#### Aim of the task:
In this exercise, retype exactly and only the lines from the top of the entries below through the line that holds "Vinyasa Scarf pin hyper stripe black grey", omitting pictures.

#### Records provided:
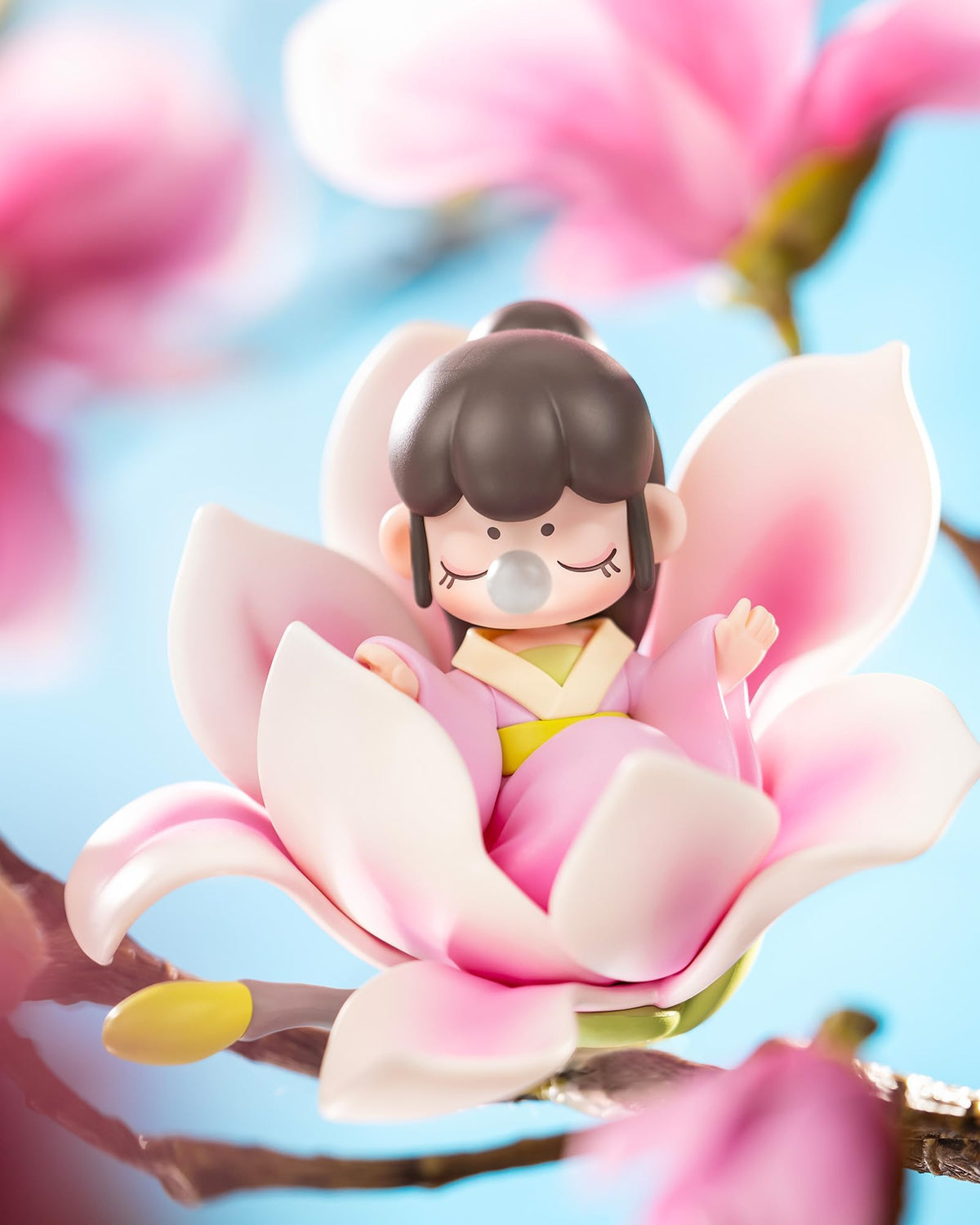 Rolife Nanci Lotus Tranquility figure offers serene display and gifting appeal.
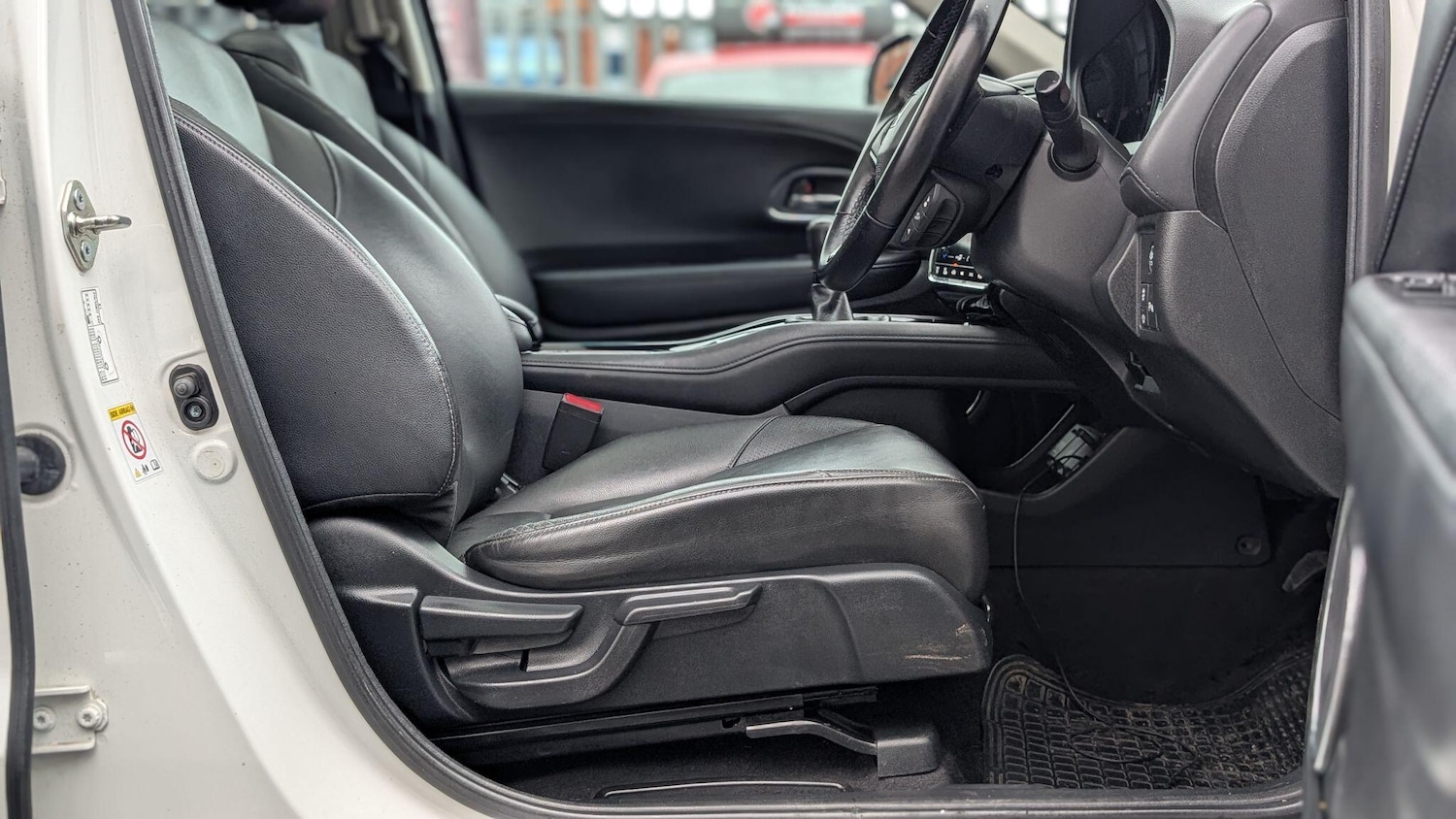 Used Honda HR-V 2015 for sale - 77723204: Photo 22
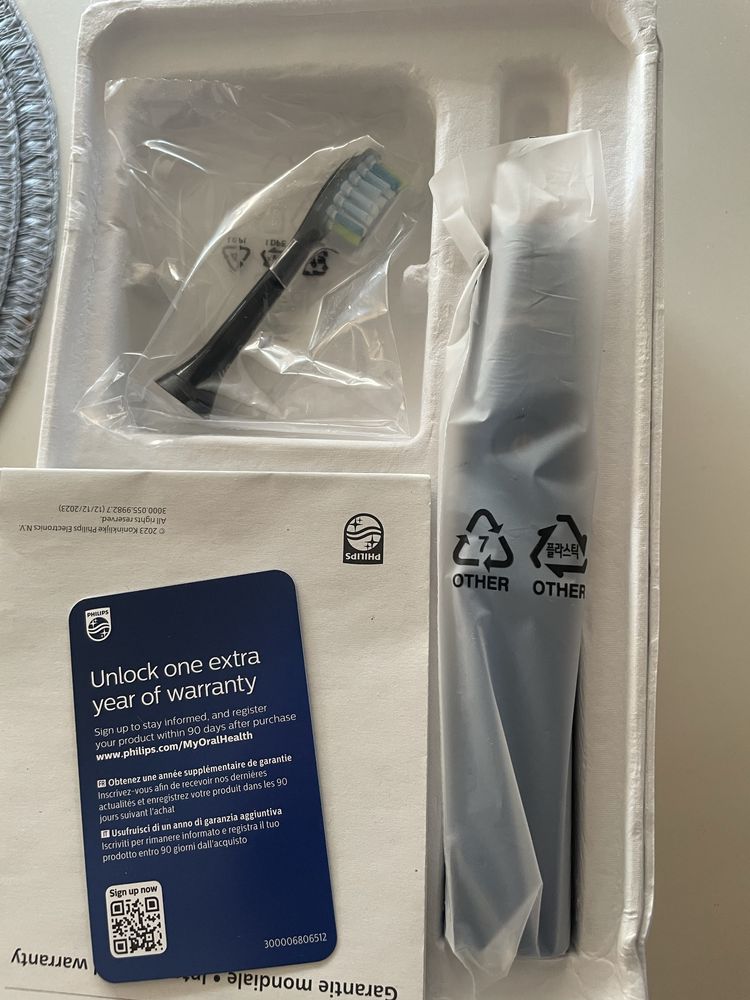 Ултразвукова електрическа четка за зъби PHILIPS Sonicare HX9911/88
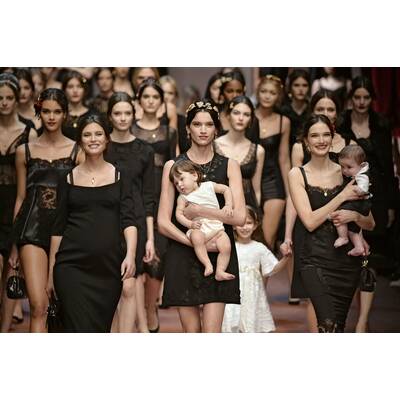 Dolce & Gabbana Fall/Winter 2015/2016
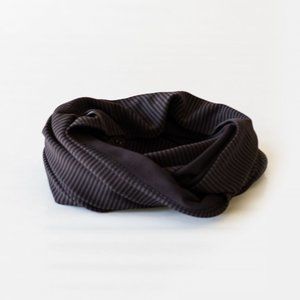 Vinyasa Scarf pin hyper stripe black grey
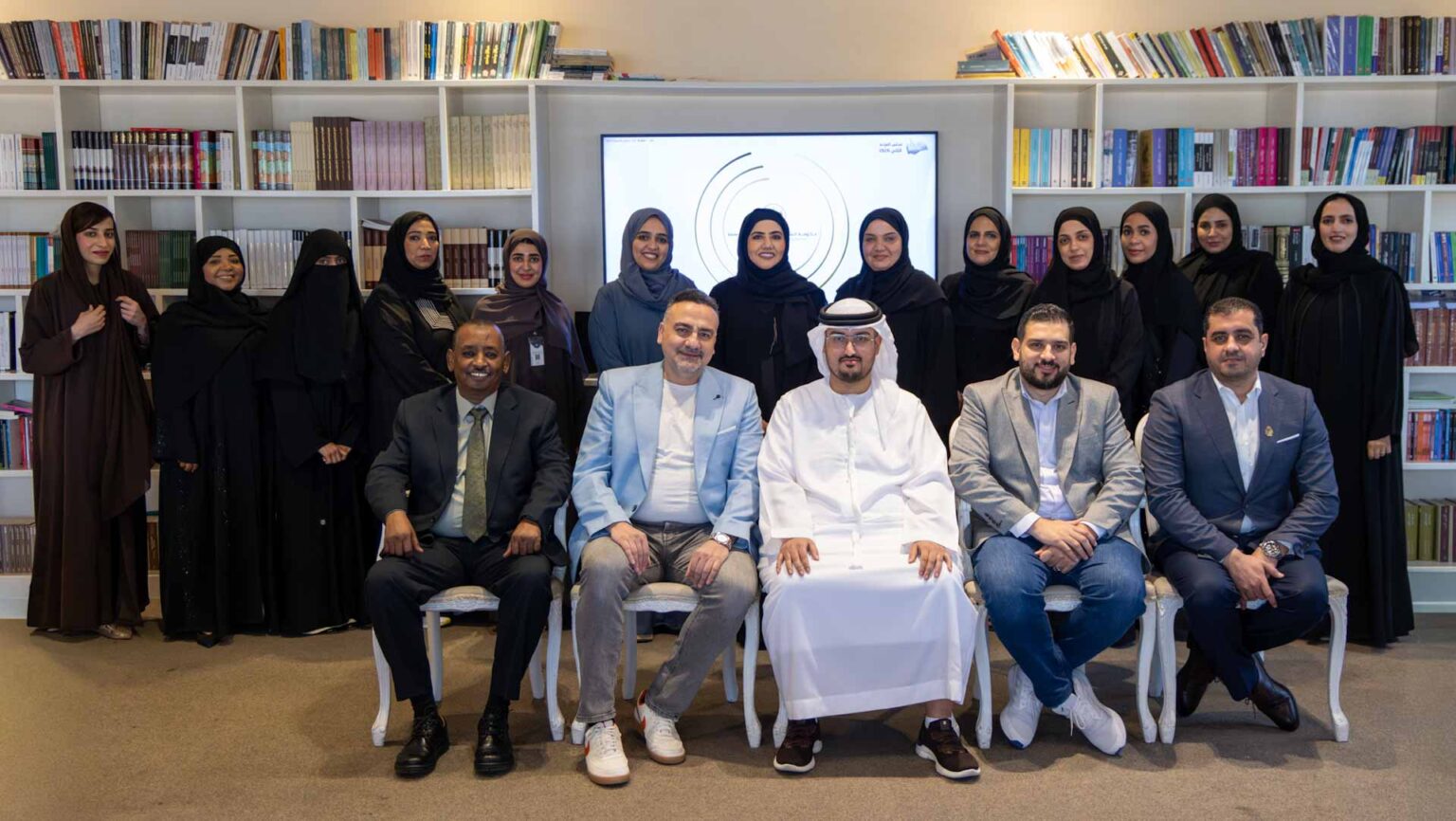 مالية الشارقة تعزز ثقافة المعرفة والحوار بين الجهات الحكومية مالية الشارقة تعزز ثقافة المعرفة والحوار بين الجهات الحكومية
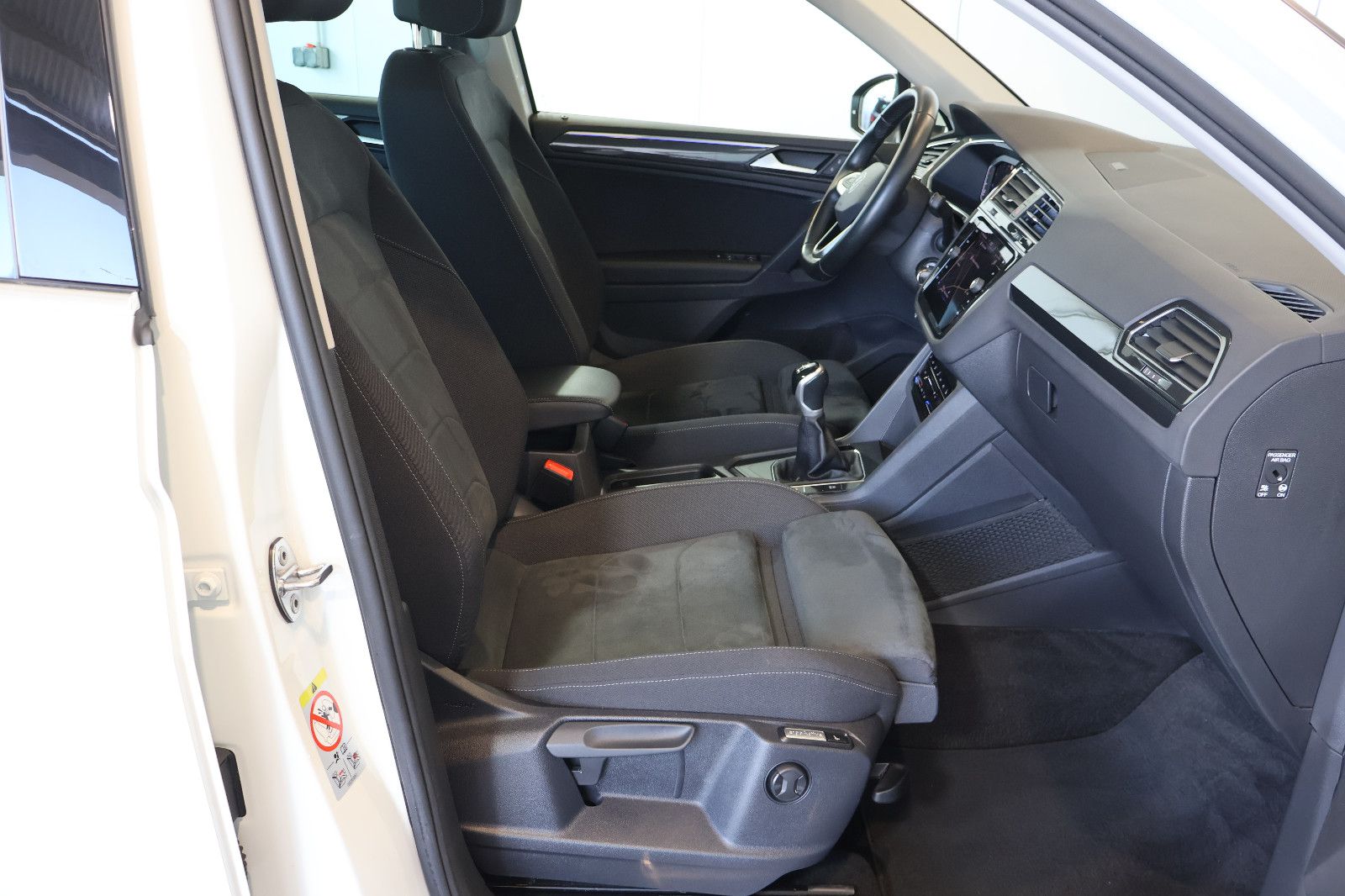 Volkswagen Tiguan 1.5 TSI Life AID+ACC+LED+CARPLAY+PANO foto 15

#### Result below:
 Rolife Nanci Lotus Tranquility figure offers serene display and gifting appeal.
 Used Honda HR-V 2015 for sale - 77723204: Photo 22
 Ултразвукова електрическа четка за зъби PHILIPS Sonicare HX9911/88
 Dolce & Gabbana Fall/Winter 2015/2016
 Vinyasa Scarf pin hyper stripe black grey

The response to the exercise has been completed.